O cultivo de poliquetas Nereis virens foi tema do trabalho realizado por Eric Pinon ([email protected]) da Service Aqua LLC. Os poliquetas importados sempre desempenharam um papel importante na maturação dos camarões nos laboratórios brasileiros de produção de pós-larvas e chegaram a ser até considerados indispensáveis nesse processo. A proibição das importações por parte do Brasil de animais vivos relacionados ao cultivo de camarões no final dos anos 90, levou os produtores brasileiros de PLs a descobrirem que, apesar de serem ótimos no processo de maturação, os poliquetas não eram indispensáveis e seu uso foi deixado de lado. Atualmente, se quiserem novamente utilizar poliquetas, a sua tecnologia de cultivo já foi desenvolvida pela empresa inglesa Seabait Ltd.
Os chineses já estão compartilhando no meio acadêmico os resultados das pesquisas que realizam com o vannamei. Veio da China um trabalho de Shengli Cai ([email protected]), que desenvolveu um sistema de maturação indoor com recirculação, instalado num estuário do rio Jinshan em Shanghai. As águas de baixa salinidade do estuário foram misturadas com água hiper-salina para ajuste até que ficassem com 28-30‰. A aplicação da ablação unilateral e os manejos adequados permitiram ao pesquisador concluir que seu método funciona para reforçar ainda mais a determinação dos chineses de também participarem do mercado mundial como produtor desta espécie.
O cultivo com troca zero de água em sistema completamente fechado foi o tema apresentado por Enox de Paiva Maia ([email protected]), que durante oito meses conduziu seus experimentos numa fazenda de 62 hectares, produzindo continuamente em escala industrial e utilizando apenas água para repor perdas por evaporação e infiltração.

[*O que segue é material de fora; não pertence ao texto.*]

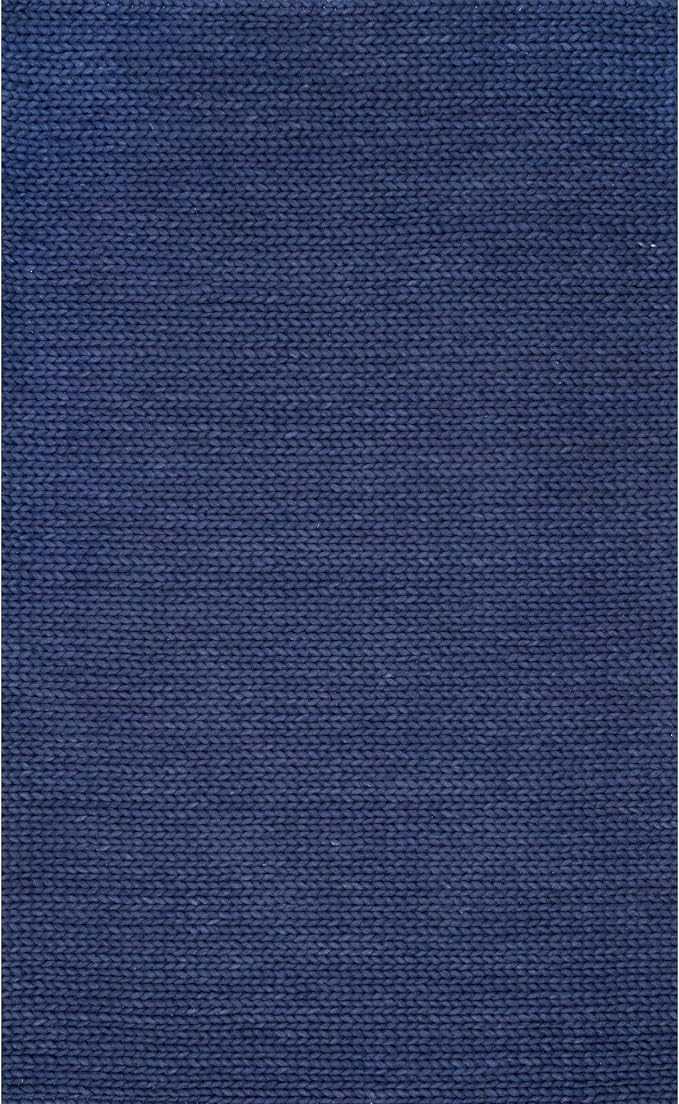 nuLOOM Caryatid Handwoven Solid Wool Area Rug, 8' x 10', Navy | Amazon (US)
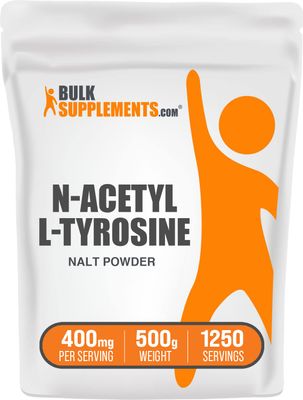 BulkSupplements.com N-Acetyl L-Tyrosine Powder -Tyrosine Supplement, NALT Powder - Amino Acid Supplement, Unflavored &amp; Gluten Free, 400mg per Serving, 500g (1.1 lbs) (Pack of 1)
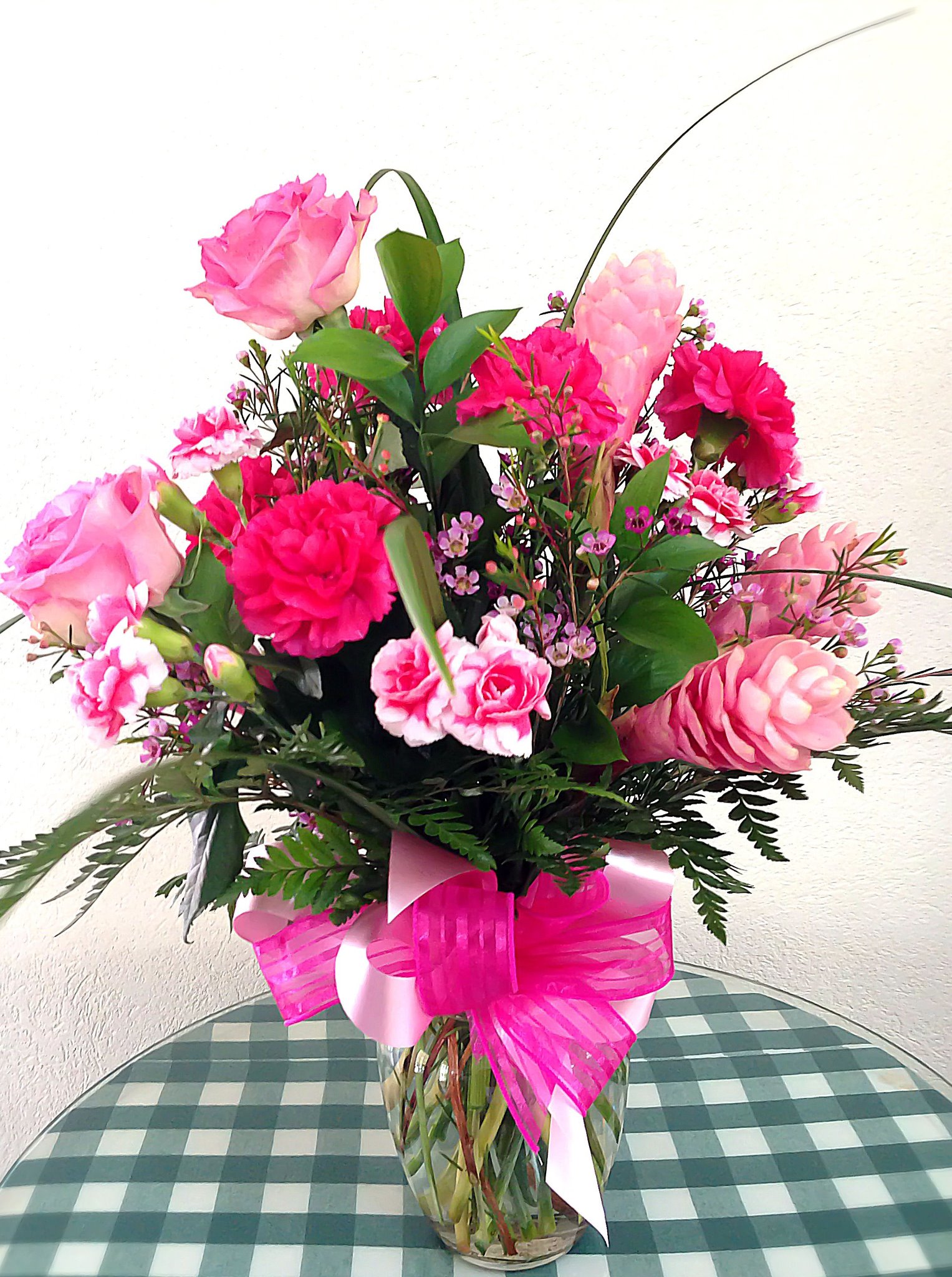 Pink Mother’s Day flower arrangement with roses and mixed blooms created by Victoria Florist in Barbados.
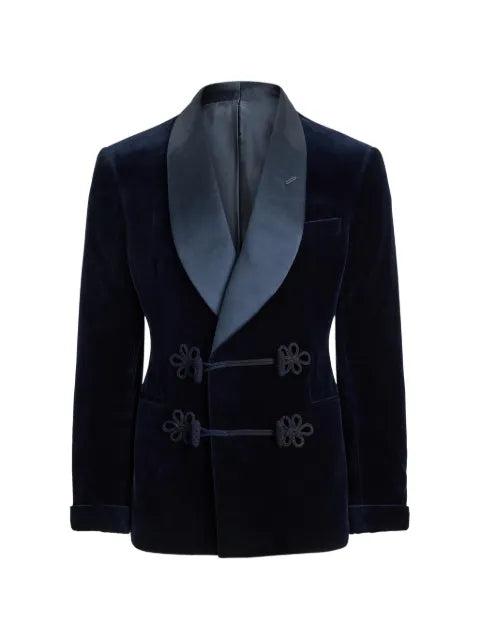 Ralph Lauren Purple Label Astaire double-breasted velvet-texture cotton blazer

Os resultados obtidos – ganho de peso de 0,62 gramas/semana, sobrevivência de 70% e produtividade de 6.360 kg/ha/ciclo com taxa de converção de 1.81:1 – comprovaram a viabilidade técnica, econômica e ambiental desta modalidade de cultivo. Na busca pelo aperfeiçoamento da tecnologia o pesquisador focou os mecanismos para a sedimentação de resíduos e a utilização de moluscos e plantas aquáticas. Da mesma forma, mereceram destaque o manejo das populações microbiológicas e o uso adequado da aeração artificial.
Ronaldo Cavalli ([email protected]) e outros pesquisadores do Laboratório de Maricultura da Fundação Universidade Federal do Rio Grande, apresentaram uma proposta de criação de padrões para a produção de camarão orgânico já que, segundo os pesquisadores, até o momento nenhum padrão foi sugerido no Brasil. Dentre as propostas estão os aspectos da seleção de locais para construção ou expansão de carciniculturas, obviamente fora de manguezais, sítios arqueológicos e culturais. Os camarões deverão alimentar-se de alimentos naturais, o que exclui o uso de gaiolas ou tanques cobertos com mantas. A preferência pelo uso das espécies nativas foi sugerida, com os reprodutores não podendo ser obtidos no ambiente natural. Propuseram uma estocagem inicial não superior a 25 camarões por m2 e estimulam o cultivo combinado com peixes, moluscos e macroalgas. Regras para descarga de efluentes também foram sugeridas, bem como para a fabricação de rações orgânicas com ingredientes provenientes de culturas orgânicas e farinha de pescados produzida localmente. Apresentaram também medidas para o controle de doenças através de métodos naturais ou homeopáticos, proibindo o uso de quimioterapêuticos, hormônios ou pesticidas. Os pesquisadores gaúchos afirmaram, no entanto, que muito trabalho ainda precisa ser realizado para que se tenha uma proposta viável.